Exercise objective -> Set down the entries below exactly, leaving out all images.
*** Material shown ***
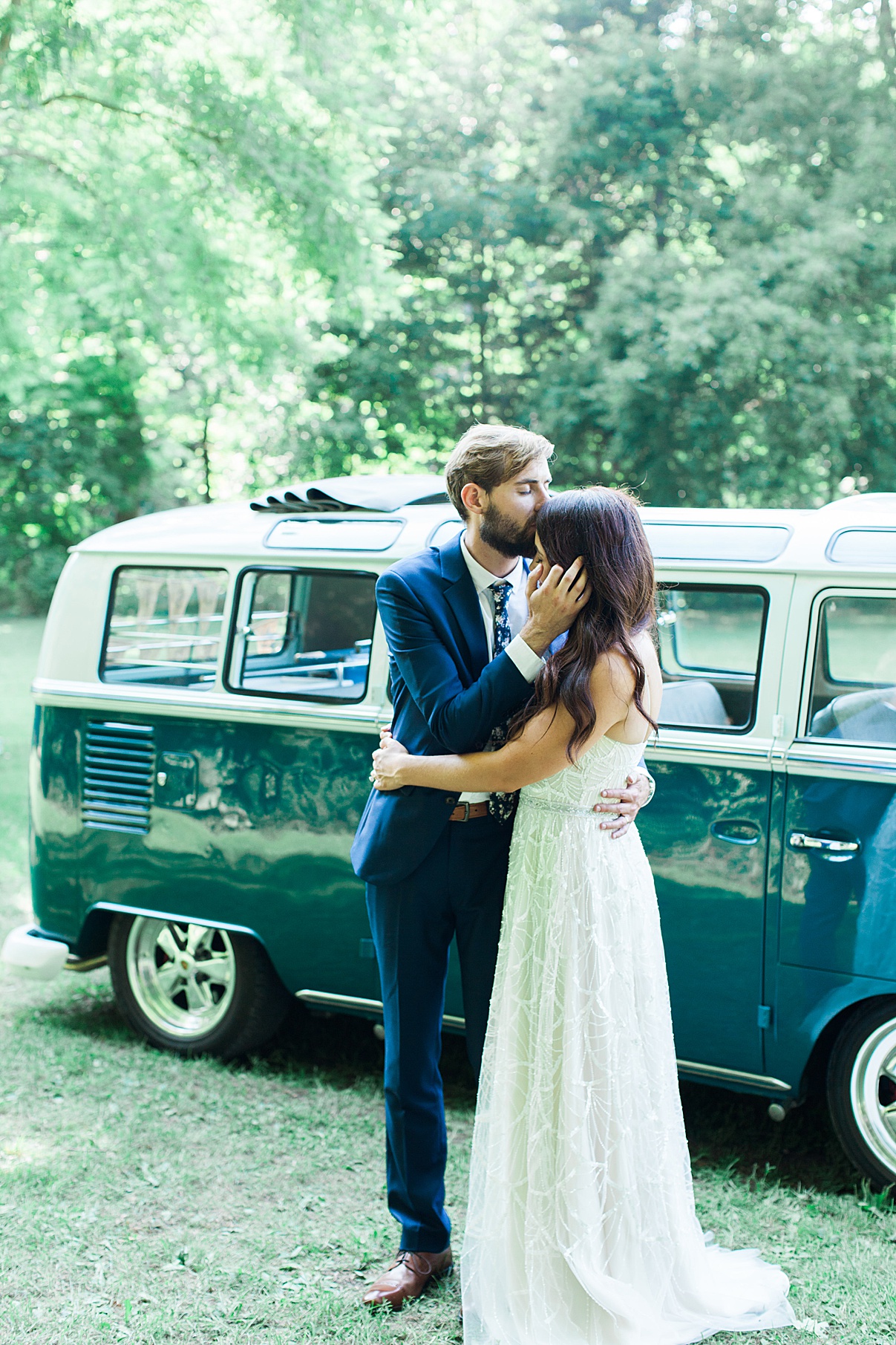 Groom kisses bride on forehead in front of vintage bus| Balls Falls, Ontario Wedding| Ontario Wedding Photographer| Toronto Wedding Photographer| 3Photography| 3photography.ca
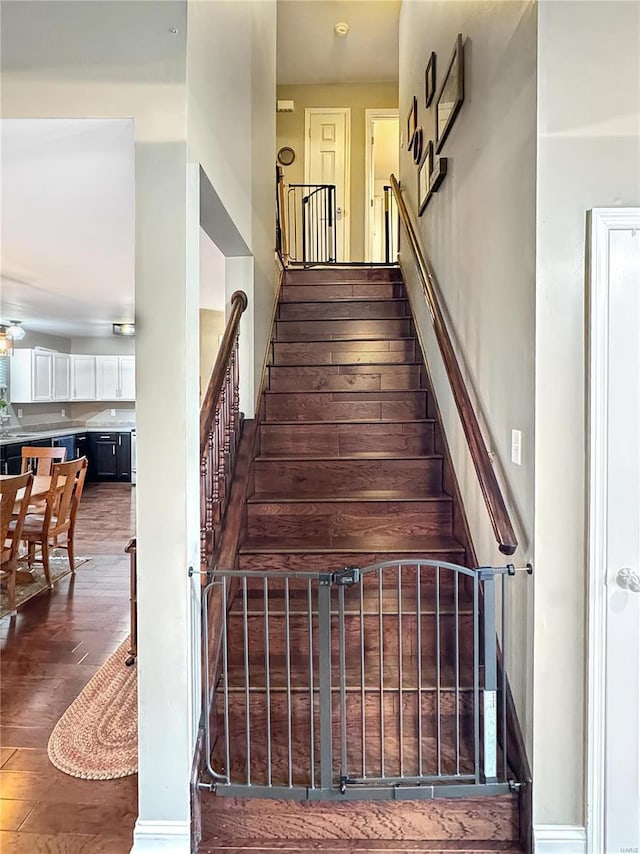 staircase with wood-type flooring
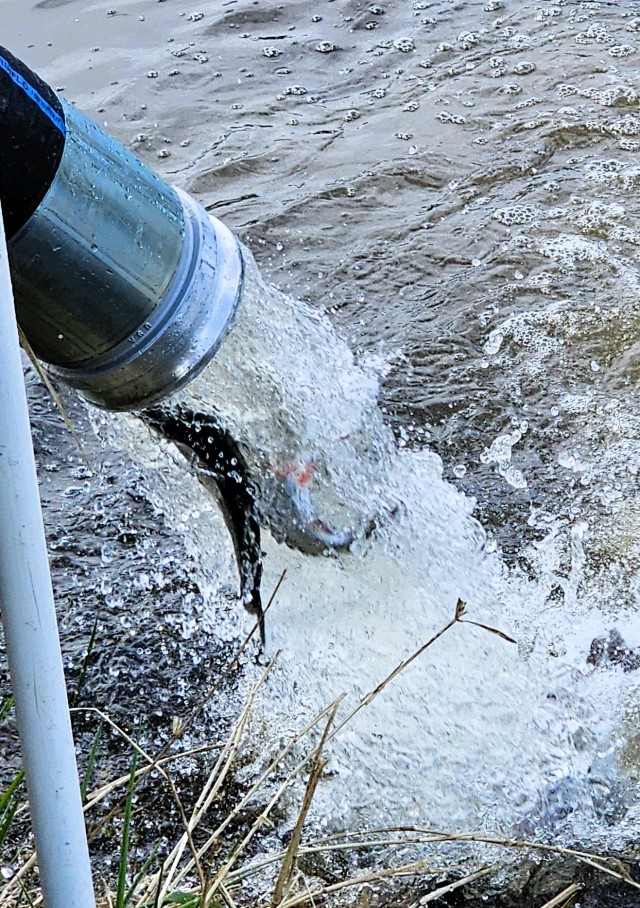 U.S. Fish and Wildlife Service (USFWS) employees stock rainbow trout April 23, 2025, in Suukjak Sep Lake on North Post at Fort McCoy, Wis. Approximately 15,000 rainbow trout were stocked at several lakes and ponds at Fort McCoy by the USFWS Genoa...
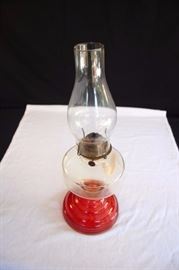 Eagle Oil Kerosene Hurricane Lamp: made in USA during the 1920-40's. Base is an orange-red, oil receptacle is clear as is the chimney. The lamp is 14" high. This lot is in very good condition and shows little wear, if any.
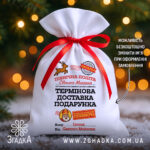 Мішечок пошта Миколая білий габардин із червоною стрічкою та принтом “Термінова доставка подарунка” на фоні ялинки.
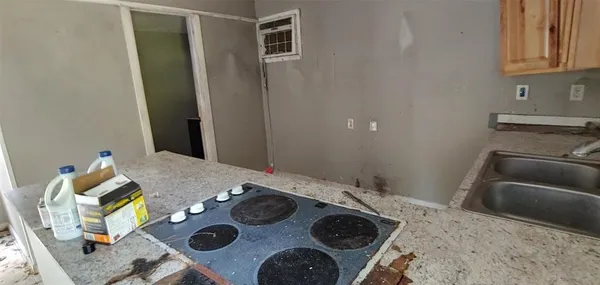 a bedroom with a bed and a stove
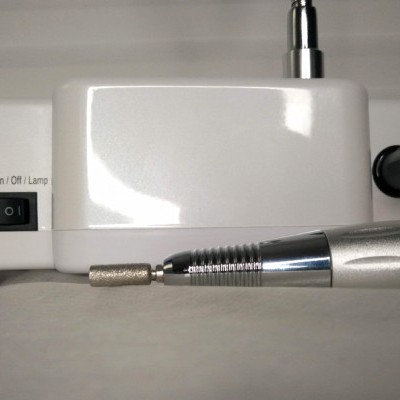 Dispositivo elétrico branco com interruptor e peça metálica cilíndrica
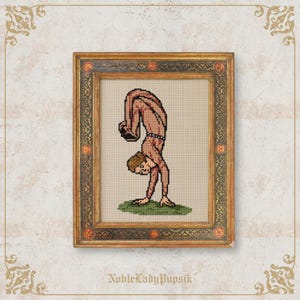 May include: Cross-stitch artwork in a gold ornate frame. The artwork depicts a person in a handstand, rendered in shades of brown and beige. The background is a light beige, and the frame has decorative detailing. The text "NobleLadyPupsik" is at the bottom.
*** End of Material shown ***
Task result ->
 Groom kisses bride on forehead in front of vintage bus| Balls Falls, Ontario Wedding| Ontario Wedding Photographer| Toronto Wedding Photographer| 3Photography| 3photography.ca
 staircase with wood-type flooring
 U.S. Fish and Wildlife Service (USFWS) employees stock rainbow trout April 23, 2025, in Suukjak Sep Lake on North Post at Fort McCoy, Wis. Approximately 15,000 rainbow trout were stocked at several lakes and ponds at Fort McCoy by the USFWS Genoa...
 Eagle Oil Kerosene Hurricane Lamp: made in USA during the 1920-40's. Base is an orange-red, oil receptacle is clear as is the chimney. The lamp is 14" high. This lot is in very good condition and shows little wear, if any.
 Мішечок пошта Миколая білий габардин із червоною стрічкою та принтом “Термінова доставка подарунка” на фоні ялинки.
 a bedroom with a bed and a stove
 Dispositivo elétrico branco com interruptor e peça metálica cilíndrica
 May include: Cross-stitch artwork in a gold ornate frame. The artwork depicts a person in a handstand, rendered in shades of brown and beige. The background is a light beige, and the frame has decorative detailing. The text "NobleLadyPupsik" is at the bottom.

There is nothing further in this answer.